We’ve been back a few weeks now and I’m already feeling like we need another holiday. Instead, I’ve been thinking back to all the lovely things we did this summer and how lucky we were to get to go.
Back in May 2020, the Lovely Bill over at A Silly Place imagined the end of lock down and passed the baton to me, having received it himself from Renata at Buffalo Sauce Everywhere. I knew that our planned holiday habitual trip to France were nigh on impossible.
Instead, I thought about how else we would spend two weeks, largely unrestricted.
I wonder what it says about my imagination that the reality of our post-lockdown trip matched pretty closely the one that I’d dreamed of and longed for.
I don’t know whether I limited myself to think only of what was achievable or whether having imagined our trip I set about making it happen for real, driving the plans according to the ideals I’d dreamt up.
Himself and I had discussed UK plans to lighten the lockdown and we felt that they were making changes prematurely. So we decided to do “lockdown plus two”. We stayed home for two extra weeks after lockdown was lifted.
The first weekend after lockdown, for us, was just like all the weekends before – at home. A couple of weekends after that though, we ventured out and about. First just we visited local nature reserves we hadn’t discovered before. Then we decided a visit to our families was a realistic possibility.
In the end it was about 6 weeks after lockdown lifted when we began our road trip. As I said, we used my dream in response to Bill and Renata’s challenge as a template.
Stage 1 – northward bound
The imagined first stage didn’t quite play out as imagined. We didn’t stay over with himself’s sister or eat junk food in service stations. We were still cautious enough to be avoiding services as far as possible – just a quick in and out for the toilets. Instead, we popped into Glasgow for lunch with my sister in law and her husband, with their kids away with their other granny for a few days.
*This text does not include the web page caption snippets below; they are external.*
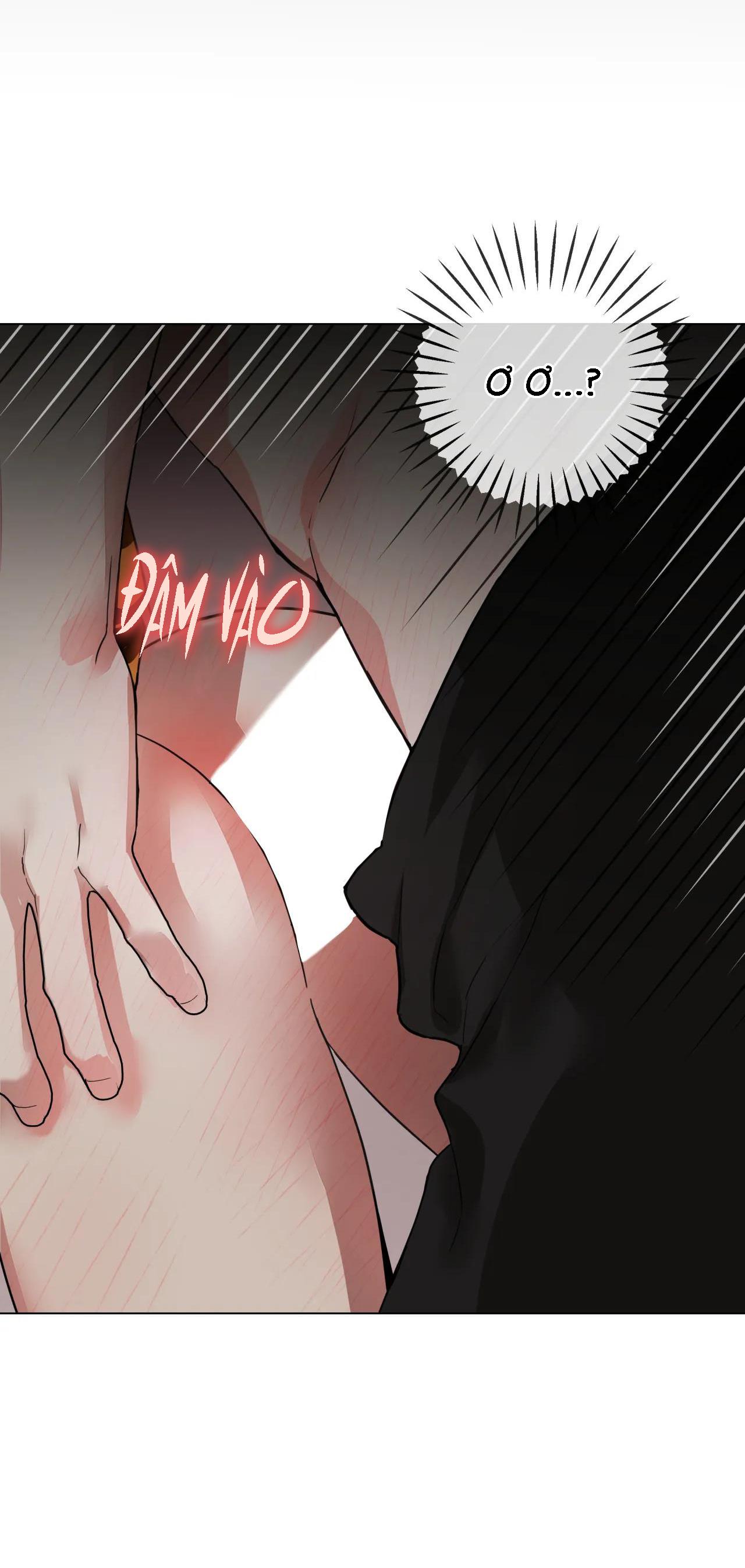 bl cổ trang - âu cổ ngắn nhà kim chapter 11.2 17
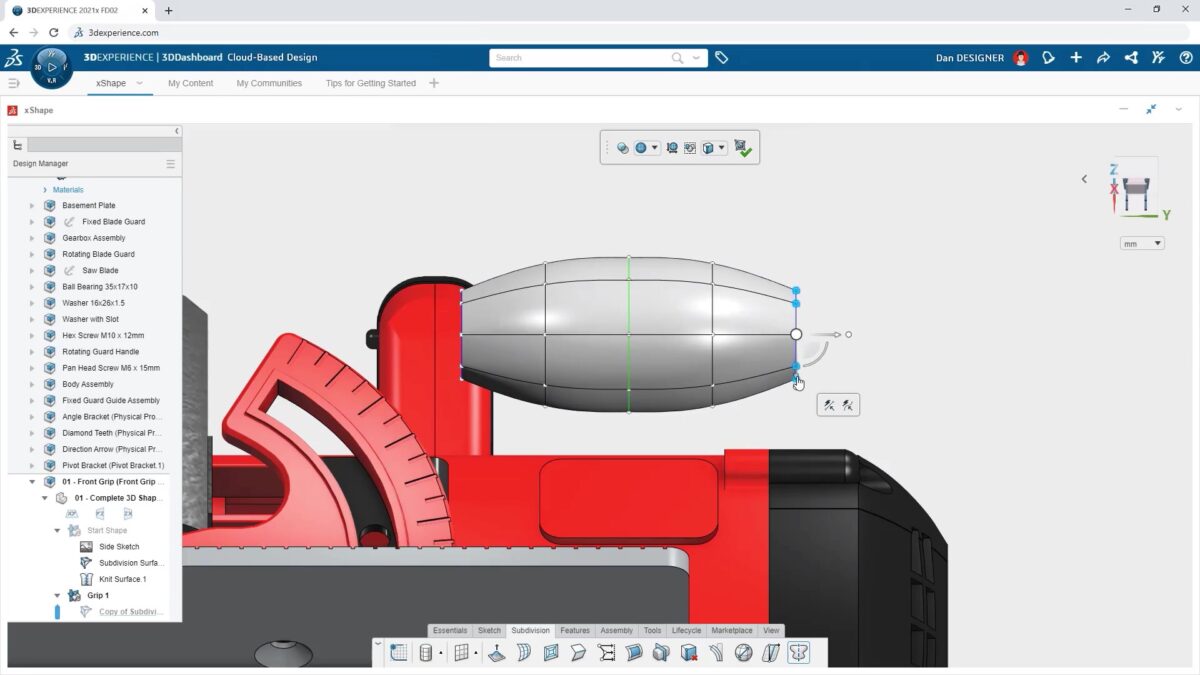 3DEXPERIENCE WORKS：功能特性、技术优势与应用解析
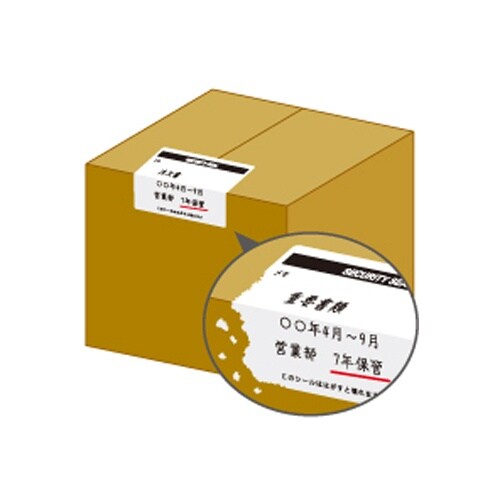 EA983TS−76 95x66mm/2面 セキュ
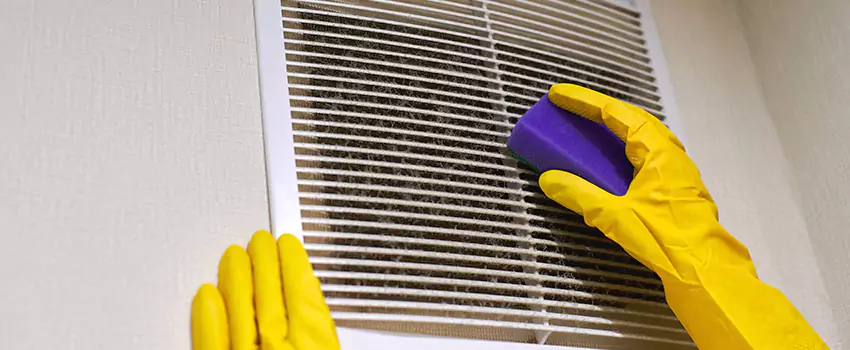 Vent Cleaning Company in Selma, CA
It was a much more pleasant experience than some service station with loads of people milling around, forgetting social distancing and wearing their masks on their heads or at least barely covering noses. We’d left early on a Friday morning, instead of after school (since schools weren’t back and by this point it was summer holidays anyway). This meant that even after a relaxed lunchtime pit stop we got to himself’s parent’s house just before dinner time, to be treated to a Pimms in the garden no less:
What I definitely didn’t imagine was the fairly awful weather, I had not dreamt of being soaked to the skin in Stonehaven or blown around on Lossiemouth beach. Nor had I really thought about running, but I was blessed with some beautiful views of the Dee.
Our expectations of cafe lunches and garden centre coffee breaks weren’t fulfilled. I’m sure they were possible but we didn’t pursue them – one lunch at Baxter’s factory was awkward enough. Instead, lots of sausage rolls and cheese sarnies, mother in law’s traybakes, and a couple of cheeky takeaways felt like a real treat.
Stage 2 – into the fens
Visiting my parents was such a huge deal for me, I had missed my mum so much. They still live in the house I grew up in, so driving the roads towards their village the anticipate rose and I was quite emotional by the time we arrived, I cried on my mum’s shoulder and of course that set her off too. It was my birthday as well, so my parents provided a treat birthday tea and cake, and I opened my presents.
The change of location was accompanied by a big change in weather, it was lovely in Lincolnshire. We enjoyed bike rides down the lanes of my childhood, trips into the local woods…
….to Belton house, played footy golf, climbed on the ruins of Bolingbroke Castle and went to the sea side.
Stage 3 – the return home
Finally, on my mum’s birthday it was time to say goodbye. My dad cooked a delicious Sunday lunch, complete with Yorkshire pudding and mum made chestnut stuffing and a tian even though it was her birthday. I may have had third of both. The kids even ate nicely and when the time came to load the car and head home, we all had full tummies. Himself drove the three hours home and I managed to nap in the passenger seat while the boys watched a movie.
Back home, the washng went on, there was a panic over the TV having image retention and the lovely supermarket delivery lady brought supplies an hour earlier than planned.
And so back to “normal”
We were back into the normality we would never have considered a year previously – both working from home with kids on holiday from school also in the house. We had to start thinking about getting back to school a few weeks later.
Our post-lockdown road trip definitely lived up to the journey I’d imagined a few months before. We enjoyed some really happy times with our families and recharged our batteries. It might not have played out as I had dreamt, but all the really important features were there – family, family and more family.
Soon enough of course, it was time for the boys to go back to school – bringing even more normality.